Pelosi condemned this Presidential action.

Trump’s reckless tariffs are crashing the economy, raising prices on products and wiping out hard-earned savings,” Pelosi posted to X on April 9 with an “NP” signature indicating that she had written the message.

This was not the Speaker Emerita’s first condemnation of Trump’s tariff program.

“Donald Trump’s reckless tariffs will cause chaos in our economy, raise prices for consumers and hurt hardworking American families. This is not a strategy — it’s the largest tax hike on the American people in history,” Pelosi posted on Facebook on April 2.

In an April 4 press release on “Pelosi Statement on President Trump’s Senseless Tariffs,” Pelosi recalled, “In 1988, President Ronald Reagan said, ‘America’s most recent experiment with protectionism was a disaster for the working men and women of this country. When Congress passed the Smoot-Hawley tariff in 1930, we were told that it would protect America from foreign competition and save jobs in this country. The actual result was the Great Depression.’”

A clip of Reagan making a similar point in 1987 was posted by the Chinese Embassy on X.

 

Pelosi and the Chinese Embassy were correct: Reagan had been a critic of tariffs— and Trump had been a critic of Reagan’s trade policies.

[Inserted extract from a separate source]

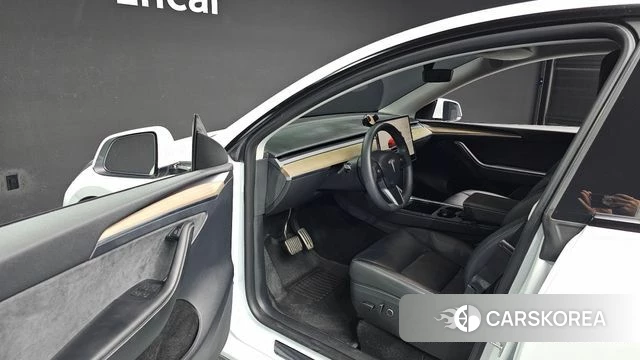 Tesla Model Y id 4682106 из Кореи 29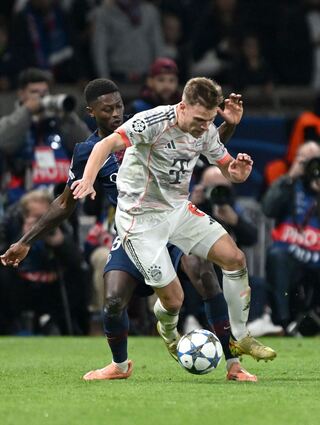 Joshua Kimmich in seinem 100. Champions-League-Spiel in Aktion gegen Nuno Mendes .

“Well, I like Reagan,” Trump told Fox News Host Sean Hannity in late January 2017  after the talking head asked which President he most admired. “I didn’t like him on trade, but other than trade, I liked him very much, and he was OK on trade. But not great.”

 

The 45th and 47th President had been singing a similar tune for decades and has recently been highlighted by former clips of Trump criticizing America’s trade regime. Tariff talk reentered the national debate in late March when it became apparent that Trump would follow through on his campaign promise to place new tariffs against Chinese goods.